What is Commodity Market?
A commodity market facilitates trading in various commodities such as spot or a derivatives market. In spot market, commodities are bought and sold for immediate delivery, whereas in derivatives market, various financial instruments based on commodities are traded. These financial instruments such as 'futures' are traded in exchanges.
Why invest in commodities?
- Transparency and fair price discovery.
- Hedge against inflation, stock market and other types of risks.
- Woking is based on simple economics.
- Trade on low margin.
- No counterparty risk.
- Mass participation.
- No manipulation in prices.
What are Commodity Futures
Commodity Futures are contracts to buy/sell specific quantity of a particular commodity at a future date. It is similar to the Index futures and Stock futures but the underlying happens to be commodities instead of Stocks and indices.
Is Commodity market regulated in India?
Just as SEBI regulates the stock market, Forward Markets Commission (FMC) regulates commodity market.
Who invests in commodities?
- Producers / Farmers.
- Importers / Exporters.
- Commodity financiers.
- Agricultural credit providing agencies.
- Hedgers, speculators, arbitrageurs.
- Large scale consumers. For e.g. refiners, jewelers, textile mills.h. Corporate having risk exposure in commodities.
Who cannot trade in commodities futures at present?

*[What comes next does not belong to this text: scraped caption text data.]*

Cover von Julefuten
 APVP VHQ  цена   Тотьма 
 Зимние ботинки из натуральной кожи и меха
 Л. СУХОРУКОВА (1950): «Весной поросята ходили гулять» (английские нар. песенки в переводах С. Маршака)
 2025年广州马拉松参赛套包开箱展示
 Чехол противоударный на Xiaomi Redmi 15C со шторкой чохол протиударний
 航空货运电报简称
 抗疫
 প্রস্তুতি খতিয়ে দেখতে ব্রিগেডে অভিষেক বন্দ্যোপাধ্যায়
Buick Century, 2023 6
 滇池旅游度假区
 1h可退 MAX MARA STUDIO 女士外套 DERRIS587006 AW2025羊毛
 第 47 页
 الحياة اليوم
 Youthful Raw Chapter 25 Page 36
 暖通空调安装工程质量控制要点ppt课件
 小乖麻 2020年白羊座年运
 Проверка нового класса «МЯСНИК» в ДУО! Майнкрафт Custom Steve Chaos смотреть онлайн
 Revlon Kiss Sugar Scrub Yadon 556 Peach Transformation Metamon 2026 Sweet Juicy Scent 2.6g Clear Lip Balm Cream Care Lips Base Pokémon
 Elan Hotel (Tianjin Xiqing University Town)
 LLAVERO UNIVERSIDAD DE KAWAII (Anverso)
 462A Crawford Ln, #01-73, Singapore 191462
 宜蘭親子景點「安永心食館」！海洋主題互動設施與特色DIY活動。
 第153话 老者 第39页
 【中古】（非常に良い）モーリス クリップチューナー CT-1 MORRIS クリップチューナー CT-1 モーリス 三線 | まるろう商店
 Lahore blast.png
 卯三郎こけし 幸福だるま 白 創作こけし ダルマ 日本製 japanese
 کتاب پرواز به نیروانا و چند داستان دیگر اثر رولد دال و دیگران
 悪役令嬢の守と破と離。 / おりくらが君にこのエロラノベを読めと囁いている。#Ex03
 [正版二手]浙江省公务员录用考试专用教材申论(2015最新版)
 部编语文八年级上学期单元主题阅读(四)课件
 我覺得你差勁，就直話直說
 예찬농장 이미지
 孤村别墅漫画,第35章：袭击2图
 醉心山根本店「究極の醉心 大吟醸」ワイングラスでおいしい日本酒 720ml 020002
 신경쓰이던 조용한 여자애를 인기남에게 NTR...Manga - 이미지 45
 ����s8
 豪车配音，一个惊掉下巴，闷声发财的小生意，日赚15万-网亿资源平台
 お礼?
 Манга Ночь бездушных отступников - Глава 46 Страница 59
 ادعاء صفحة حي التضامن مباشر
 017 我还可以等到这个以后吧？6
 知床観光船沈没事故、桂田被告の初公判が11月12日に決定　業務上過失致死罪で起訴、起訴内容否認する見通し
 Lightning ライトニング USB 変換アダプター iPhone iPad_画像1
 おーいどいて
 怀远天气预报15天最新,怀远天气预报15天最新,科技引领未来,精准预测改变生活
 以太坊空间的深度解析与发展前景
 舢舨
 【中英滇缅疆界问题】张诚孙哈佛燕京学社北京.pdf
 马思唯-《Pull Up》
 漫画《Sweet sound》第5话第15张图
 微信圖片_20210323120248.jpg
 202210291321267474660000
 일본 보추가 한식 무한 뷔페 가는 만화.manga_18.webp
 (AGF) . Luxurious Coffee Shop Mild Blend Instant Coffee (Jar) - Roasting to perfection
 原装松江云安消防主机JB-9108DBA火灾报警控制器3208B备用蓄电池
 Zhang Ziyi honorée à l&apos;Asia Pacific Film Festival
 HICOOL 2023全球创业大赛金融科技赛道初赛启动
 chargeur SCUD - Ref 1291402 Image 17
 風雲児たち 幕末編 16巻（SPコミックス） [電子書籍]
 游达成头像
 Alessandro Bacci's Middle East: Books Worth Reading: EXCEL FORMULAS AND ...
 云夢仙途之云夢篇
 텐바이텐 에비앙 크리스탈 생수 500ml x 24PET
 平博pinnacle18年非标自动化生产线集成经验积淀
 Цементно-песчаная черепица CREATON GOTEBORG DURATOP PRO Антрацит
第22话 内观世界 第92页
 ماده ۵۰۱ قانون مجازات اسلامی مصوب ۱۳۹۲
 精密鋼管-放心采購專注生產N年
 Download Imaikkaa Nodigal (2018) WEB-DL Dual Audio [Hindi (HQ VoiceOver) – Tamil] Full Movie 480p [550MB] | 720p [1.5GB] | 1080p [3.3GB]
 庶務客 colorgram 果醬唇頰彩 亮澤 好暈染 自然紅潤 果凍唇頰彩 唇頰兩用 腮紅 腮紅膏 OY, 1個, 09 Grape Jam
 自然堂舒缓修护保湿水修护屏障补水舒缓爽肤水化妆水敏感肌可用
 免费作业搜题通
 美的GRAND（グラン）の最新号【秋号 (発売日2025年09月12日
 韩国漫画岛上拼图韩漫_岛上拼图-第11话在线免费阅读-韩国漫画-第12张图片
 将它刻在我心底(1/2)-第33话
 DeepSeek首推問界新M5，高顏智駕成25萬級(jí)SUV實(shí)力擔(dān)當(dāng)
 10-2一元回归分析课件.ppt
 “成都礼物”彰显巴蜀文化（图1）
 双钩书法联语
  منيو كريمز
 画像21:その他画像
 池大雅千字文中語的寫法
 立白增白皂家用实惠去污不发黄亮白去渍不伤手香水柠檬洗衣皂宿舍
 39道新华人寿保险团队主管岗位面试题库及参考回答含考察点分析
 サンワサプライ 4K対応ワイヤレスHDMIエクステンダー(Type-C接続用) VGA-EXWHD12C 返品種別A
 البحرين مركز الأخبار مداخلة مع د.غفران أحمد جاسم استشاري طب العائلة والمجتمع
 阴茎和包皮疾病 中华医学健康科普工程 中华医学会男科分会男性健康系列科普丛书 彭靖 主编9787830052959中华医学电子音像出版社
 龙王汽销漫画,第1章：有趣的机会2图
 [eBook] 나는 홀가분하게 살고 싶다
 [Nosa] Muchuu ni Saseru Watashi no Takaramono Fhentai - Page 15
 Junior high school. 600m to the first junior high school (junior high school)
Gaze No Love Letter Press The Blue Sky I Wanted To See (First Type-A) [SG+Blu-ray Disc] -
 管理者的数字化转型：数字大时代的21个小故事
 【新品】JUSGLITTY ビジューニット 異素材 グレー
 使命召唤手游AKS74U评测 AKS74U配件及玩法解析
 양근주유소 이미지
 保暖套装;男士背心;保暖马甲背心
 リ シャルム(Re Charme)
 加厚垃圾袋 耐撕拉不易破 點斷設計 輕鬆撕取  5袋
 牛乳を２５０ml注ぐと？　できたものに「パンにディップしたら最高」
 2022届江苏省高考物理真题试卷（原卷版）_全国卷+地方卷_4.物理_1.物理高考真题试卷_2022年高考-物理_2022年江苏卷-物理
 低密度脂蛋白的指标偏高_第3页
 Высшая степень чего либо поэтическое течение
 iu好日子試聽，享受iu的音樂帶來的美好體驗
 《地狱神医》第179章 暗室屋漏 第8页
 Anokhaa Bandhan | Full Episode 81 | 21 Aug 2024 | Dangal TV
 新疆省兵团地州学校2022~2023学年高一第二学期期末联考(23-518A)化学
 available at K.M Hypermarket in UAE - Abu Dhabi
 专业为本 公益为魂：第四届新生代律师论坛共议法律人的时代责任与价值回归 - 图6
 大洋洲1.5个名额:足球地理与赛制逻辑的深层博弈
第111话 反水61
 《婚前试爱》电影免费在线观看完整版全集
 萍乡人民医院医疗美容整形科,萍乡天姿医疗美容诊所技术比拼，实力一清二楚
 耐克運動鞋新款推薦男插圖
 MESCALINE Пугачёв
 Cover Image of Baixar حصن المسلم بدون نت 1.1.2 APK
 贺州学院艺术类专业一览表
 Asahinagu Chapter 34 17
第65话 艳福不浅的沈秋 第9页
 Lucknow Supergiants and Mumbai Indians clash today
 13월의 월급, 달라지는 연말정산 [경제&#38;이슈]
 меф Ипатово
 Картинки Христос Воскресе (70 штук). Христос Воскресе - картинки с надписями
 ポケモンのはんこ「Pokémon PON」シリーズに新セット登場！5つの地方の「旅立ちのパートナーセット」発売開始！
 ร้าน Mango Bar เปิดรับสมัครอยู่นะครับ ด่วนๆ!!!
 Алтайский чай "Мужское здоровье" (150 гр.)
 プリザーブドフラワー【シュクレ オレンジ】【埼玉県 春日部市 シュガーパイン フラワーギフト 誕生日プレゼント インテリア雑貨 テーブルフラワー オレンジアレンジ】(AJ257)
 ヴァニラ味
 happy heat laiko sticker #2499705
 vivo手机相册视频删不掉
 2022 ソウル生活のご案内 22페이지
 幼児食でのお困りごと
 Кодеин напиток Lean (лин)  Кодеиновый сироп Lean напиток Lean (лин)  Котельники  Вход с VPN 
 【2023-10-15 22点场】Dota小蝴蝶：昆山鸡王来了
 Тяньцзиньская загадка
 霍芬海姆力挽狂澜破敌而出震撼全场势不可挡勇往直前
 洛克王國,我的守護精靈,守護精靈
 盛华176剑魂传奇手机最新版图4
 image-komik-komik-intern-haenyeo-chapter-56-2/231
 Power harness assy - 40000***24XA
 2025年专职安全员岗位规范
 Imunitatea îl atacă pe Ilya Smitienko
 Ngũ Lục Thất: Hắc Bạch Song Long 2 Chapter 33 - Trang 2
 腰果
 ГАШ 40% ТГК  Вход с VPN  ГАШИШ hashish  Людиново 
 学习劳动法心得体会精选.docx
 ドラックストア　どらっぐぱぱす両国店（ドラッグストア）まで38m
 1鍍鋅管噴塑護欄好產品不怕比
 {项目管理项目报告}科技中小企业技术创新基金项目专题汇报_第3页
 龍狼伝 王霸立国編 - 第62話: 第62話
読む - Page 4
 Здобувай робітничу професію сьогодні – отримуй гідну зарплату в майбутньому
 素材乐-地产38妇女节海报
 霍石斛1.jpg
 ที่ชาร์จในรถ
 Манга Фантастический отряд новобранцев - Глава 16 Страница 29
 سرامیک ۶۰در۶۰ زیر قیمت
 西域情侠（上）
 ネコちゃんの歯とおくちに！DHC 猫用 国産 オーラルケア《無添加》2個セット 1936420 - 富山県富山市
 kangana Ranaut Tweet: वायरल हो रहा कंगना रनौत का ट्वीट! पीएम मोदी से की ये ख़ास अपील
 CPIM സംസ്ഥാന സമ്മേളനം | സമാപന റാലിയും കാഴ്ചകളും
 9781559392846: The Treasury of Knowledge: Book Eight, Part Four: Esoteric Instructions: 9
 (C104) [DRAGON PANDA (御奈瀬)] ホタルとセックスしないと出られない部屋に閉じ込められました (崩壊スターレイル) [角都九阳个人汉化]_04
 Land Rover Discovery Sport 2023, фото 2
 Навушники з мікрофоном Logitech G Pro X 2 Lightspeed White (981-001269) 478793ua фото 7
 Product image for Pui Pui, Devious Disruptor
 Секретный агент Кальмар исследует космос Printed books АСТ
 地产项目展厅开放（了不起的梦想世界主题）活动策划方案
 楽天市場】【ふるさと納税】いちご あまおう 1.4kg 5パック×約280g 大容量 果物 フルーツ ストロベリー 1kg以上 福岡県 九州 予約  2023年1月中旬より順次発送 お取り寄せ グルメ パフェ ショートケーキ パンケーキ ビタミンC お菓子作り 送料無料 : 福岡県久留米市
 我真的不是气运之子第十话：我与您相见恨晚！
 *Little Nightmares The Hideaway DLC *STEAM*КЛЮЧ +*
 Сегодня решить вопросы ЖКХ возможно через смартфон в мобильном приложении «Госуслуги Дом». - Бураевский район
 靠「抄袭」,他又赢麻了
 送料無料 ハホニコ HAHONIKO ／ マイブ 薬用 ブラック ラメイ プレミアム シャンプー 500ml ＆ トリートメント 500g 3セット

Banks, Mutual funds, FIIs, and NRIs are not allowed to trade.
How are futures prices determined?
Futures prices evolve from the interaction of bids and offers emanating from all over the country – which converge in the trading floor or the trading engine. The bid and offer prices are based on the expectations of prices on the maturity date.
What are the market timings for commodity trading in India?
Both MCX and NCDEX provide trading facility from Monday to Friday.
- Monday to Friday 10 am – 5 pm for agro-based commodity
- Monday to Friday 10 am – 11.30 pm for precious/base metals and energy.
Can Options be traded in Indian Commodities market?
Options in goods are presently prohibited under Section 19 of the Forward Contracts (Regulation) Act, 1952. No exchange or person can organize or enter into or make or perform options in goods. However the market expects the government to permit options trading in commodities soon.
What are the commodities that one can trade in?
- Bullion: Gold and Silver
- Metals: Aluminum, Copper, Zinc, Lead, Nickel etc.
- Oil and Oil Seed: Refined Soy Oil, Soy Bean etc.
- Energy: Brent crude oil, Crude oil, Natural Gas etc
- Other commodities: Mentha Oil, Cardamom, Crude Palm Oil etc.
- Bullion: Gold and Silver
- Metals: Aluminum, Copper, Nickel, Sponge iron and Zinc.
- Oil and Oil Seed: Castor oil, Crude Palm oil, Soy Oil, Soy Bean etc.
- Energy: Brent crude oil, and Furnace oil.
- Agro Commodities: Cotton, Cotton Seed Oil Cake (COCCUD), Chana, Turmeric, Guargum, Maize, Sugar, Refined soy oil, Soybean etc.
What is the procedure to start trading in commodities?
One can start trading in commodities by fulfilling the 'know your customer' norms with us. A photo identification, PAN and proof of address are essential for registration. You will also have to sign the necessary agreements with Anmol Commodities.
What is Hedging?
A hedge is just a way of insuring an investment against risk. Hedger eliminates the price risk of physical material he owns by taking an offsetting position in futures market.
What is Speculating?
Speculating is taking a position based on expectations about whether prices will rise or fall in the future hoping to profit from the price change.
What is Arbitrage?
A trading strategy that looks to take advantage of price differences of the same commodity, trading on different exchanges. Arbitrage trading may also refer to trading on price differences between physical commodity and the commodity futures.
What is Margin?
Margin is deposit money which is required in advance to execute trades on the exchanges.
What is Initial Margin?
Initial Margin is the amount of money deposited by both buyers and sellers of futures contract to ensure the performance of trades executed.
What are the risk factors?
Commodity trading is done in the form of futures and that throws up a huge potential for profit and loss as it involves predictions of the future and hence uncertainty and risk. Risk factors in commodity trading are similar to futures trading in equity markets .A major difference is that the information availability on supply and demand cycles in commodity markets is not as robust and controlled as the equity market.
Is there any limit to which, price of a commodity can rise or fall in a day?
Yes, there are circuit limits or daily price range (DPR) to safeguard the interests of general investors from the extreme volatilities in markets for preventing any unexpected fall or rise beyond a limit. When the circuit limit is hit, there is a cooling period of fifteen minutes after which the trading will begin again with fresh circuit limits.